二度目の総選挙大敗の結果まで武力で覆せば軍部は国民の敵となり、権力の正統性を全て失う。歴史的なミャンマーの民政移管はアウンサンスーチーのカリスマ無しには成し得なかったが、実際の政治をどう変えられるか。
『アウンサン将軍の娘(ビルマ建国史との相関)・オックスフォード留学(西欧的知性)+英国人との結婚』によってアウンサンスーチーの血統的・インテリ的なカリスマの土台が築かれ、『民主化運動挫折+自宅軟禁』によって反軍政の旗手としてミャンマー国民の求心力を集めた。軍の軟禁策が逆に彼女への国際的支持を強めた。
ミャンマー軍部はアウンサンスーチーという個人を過度に恐れ、『憲法・法律・司法判断』のすべてを恣意的に運用することで公民権・政治活動を大幅に制限、自宅軟禁で行動の自由を奪った。国外に亡命すれば自由になれたが、再入国がほぼ不可能になる為、長期軟禁を受け入れた。その選択が更に国民の信任を集めた。
アウンサンスーチー氏は『民主化運動の堅固な信念』によって、ミャンマーの歴史に民政移管の転換点をもたらしたが、『民主化後にミャンマーの政経・教育・福祉をどう改革するかのビジョンとロードマップ』は十分に開示されておらず、厳しいミャンマーの財政・民生・教育の立て直しに相当な困難はあるだろう。
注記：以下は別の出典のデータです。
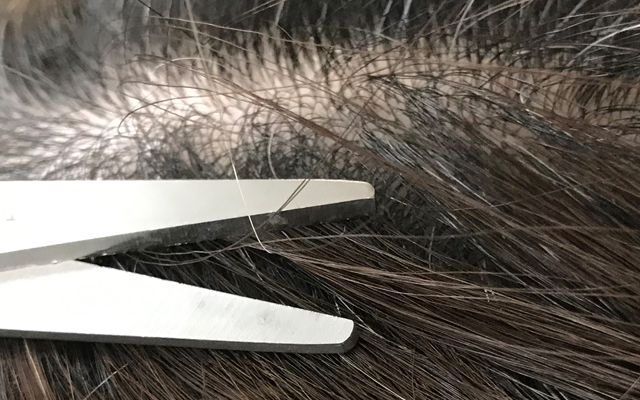 白髪は抜くと薄毛になりますが、根本から切ればまた生えてきます。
アウンサンスーチーがアウンサン将軍の娘でなければ、民主化運動のカリスマ的指導者になれなかった可能性が高いという意味では、ミャンマーの政治体制が民主化されたとしても、国民の意識の上では未だ『世襲権力・血統カリスマの支持感覚』が残っており、真の民主化は未来のポスト・アウンサンの趨勢下で問われる事になる。
とはいえ、日本や欧米先進国、韓国も含め、選挙で政権選択する民主主義国家でも、『世襲権力・血統的カリスマの支持やレジテマシーの感覚』を離脱した国はないといえばない。日本の安倍晋三首相や麻生太郎財務相はいうまでもなく、日本の有力政治家も『祖父母より上の世代からの権力・支持基盤の継承者』が多数派ではある。